2.2 Purchase Price; Escrow.
(a) The purchase price to be paid by [ ] to Supplier
for the Substance conforming to this Agreement shall be US$[
] per kilogram delivered. The purchase price shall be paid
as provided in Section 2.4(b), provided that a portion of the
purchase price shall be paid pursuant to escrow as provided in
Section 2.2(b).
(b) (i) Concurrently with the execution of this
Agreement, the parties shall execute and deliver an Escrow
Agreement substantially in the form of Exhibit A hereto, with
[ ], or such other financial institution as the parties
may agree, as the Escrow Agent; and [ ] shall deposit the
sum of US$[ ] (representing the purchase price for the
last US$[ ] of Substance to be delivered by Supplier to [
] pursuant to this Agreement) with the Escrow Agent to hold
as the "Escrowed Funds" in accordance with the Escrow
Agreement. The Escrow Agreement provides that the Escrow
Agent shall make certain releases and deliveries on the tenth
banking day following receipt from Supplier (as "Seller") of a
"Delivery Notice" as prescribed in the Escrow Agreement
unless, prior to that day, the Escrow Agent has received a
"Claim Notice" from [ ] (as "Buyer") as prescribed in the
Escrow Agreement.
(ii) Supplier hereby agrees with [ ] that Supplier will
not deliver a Delivery Notice to the Escrow Agent under the
Escrow Agreement prior to the earliest of the following
events?
(A) Supplier has delivered to [ ] all of the Substance
required to be delivered by Supplier under, and in accordance
with, this Agreement, and at least 30 days have elapsed after
the last such delivery, and either (1) [ ] has not given
Supplier notice of nonconformity as to any of such Substance
pursuant to Section 2.4(a) or (2) all of such Substance as to
which [ ] has given such notice of nonconformity has been
determined to be conforming pursuant to Section 2.4(a); or
(B) Supplier has tendered for delivery to [ ] all of
the Substance required to be tendered by Supplier under this
Agreement (all of which Substance is in conformance with the
requirements therefor under this Agreement) to a date upon
which [ ] repudiates its obligations under this Agreement
or otherwise by action or omission legally excuses Supplier
from further performance under this Agreement, and such
repudiation or legal excuse, as the case may be, remains in
effect and does not arise out of any breach by Supplier.
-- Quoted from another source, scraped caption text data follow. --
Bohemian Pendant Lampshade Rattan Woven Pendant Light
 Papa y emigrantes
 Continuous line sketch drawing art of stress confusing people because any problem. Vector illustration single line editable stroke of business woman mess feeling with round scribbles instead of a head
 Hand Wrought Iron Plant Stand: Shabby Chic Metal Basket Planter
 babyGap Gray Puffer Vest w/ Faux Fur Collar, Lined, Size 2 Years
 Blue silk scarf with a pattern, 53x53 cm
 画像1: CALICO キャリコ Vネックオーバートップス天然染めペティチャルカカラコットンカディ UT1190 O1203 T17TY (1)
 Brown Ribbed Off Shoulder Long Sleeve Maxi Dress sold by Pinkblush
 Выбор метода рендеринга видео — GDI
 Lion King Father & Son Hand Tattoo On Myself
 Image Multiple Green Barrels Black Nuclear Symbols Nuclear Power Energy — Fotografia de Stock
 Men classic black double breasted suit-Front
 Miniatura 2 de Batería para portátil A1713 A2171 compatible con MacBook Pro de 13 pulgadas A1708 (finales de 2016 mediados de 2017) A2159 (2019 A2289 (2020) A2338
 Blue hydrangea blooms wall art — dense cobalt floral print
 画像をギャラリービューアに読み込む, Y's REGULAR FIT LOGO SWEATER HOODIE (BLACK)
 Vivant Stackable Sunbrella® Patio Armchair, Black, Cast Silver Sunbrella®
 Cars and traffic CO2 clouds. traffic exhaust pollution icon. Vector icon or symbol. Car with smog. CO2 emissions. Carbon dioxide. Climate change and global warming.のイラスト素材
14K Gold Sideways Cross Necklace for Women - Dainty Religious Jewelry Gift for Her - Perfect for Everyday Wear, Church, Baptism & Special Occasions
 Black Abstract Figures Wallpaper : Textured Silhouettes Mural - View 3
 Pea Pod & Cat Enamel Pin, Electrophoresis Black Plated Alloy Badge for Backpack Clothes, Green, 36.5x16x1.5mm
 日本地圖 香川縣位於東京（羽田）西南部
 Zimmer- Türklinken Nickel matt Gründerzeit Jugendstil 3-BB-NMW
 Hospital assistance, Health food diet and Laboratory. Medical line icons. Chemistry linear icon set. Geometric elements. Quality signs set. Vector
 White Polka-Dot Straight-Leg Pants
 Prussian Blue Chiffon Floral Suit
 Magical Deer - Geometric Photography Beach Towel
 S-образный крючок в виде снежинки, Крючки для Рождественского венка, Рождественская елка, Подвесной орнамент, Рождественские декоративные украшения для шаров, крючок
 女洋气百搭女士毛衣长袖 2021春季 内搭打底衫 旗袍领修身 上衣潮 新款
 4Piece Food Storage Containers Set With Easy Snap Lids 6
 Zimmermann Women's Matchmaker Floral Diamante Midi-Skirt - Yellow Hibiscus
Credits and refunds given by Supplier as contemplated in this
Agreement shall be included in determining the quantities of
Substance that Supplier is required to deliver or tender for
delivery under this Agreement. Seller agrees to give to [
] a copy of any Delivery Notice that it gives to the Escrow
Agent, no later than the time the Delivery Notice is given to
the Escrow Agent.
(iii) [ ] hereby agrees with Supplier that it will not
deliver a Claim Notice to the Escrow Agent under the Escrow
Agreement unless, to the time the Claim Notice is delivered to
the Escrow Agent, neither of the following has occurred?
(A) Supplier has delivered to [ ] all of the Substance
required to be delivered by Supplier under, and in accordance
with, this Agreement, and at least 30 days have elapsed after
the last such delivery, and either (1) [ ] has not given
Supplier notice of nonconformity as to any of such Substance
pursuant to Section 2.4(a) or (2) all of such Substance as to
which [ ] has given such notice of nonconformity has been
determined to be conforming pursuant to Section 2.4(a);
(B) Supplier has tendered for delivery to [ ] all of
the Substance required to be tendered by Supplier under this
Agreement (all of which Substance is in conformance with the
requirements therefor under this Agreement) to a date upon
which [ ] repudiates its obligations under this Agreement
or otherwise by action or omission legally excuses Supplier
from further performance under this Agreement, and such
repudiation or legal excuse, as the case may be, remains in
effect and does not arise out of any breach by Supplier.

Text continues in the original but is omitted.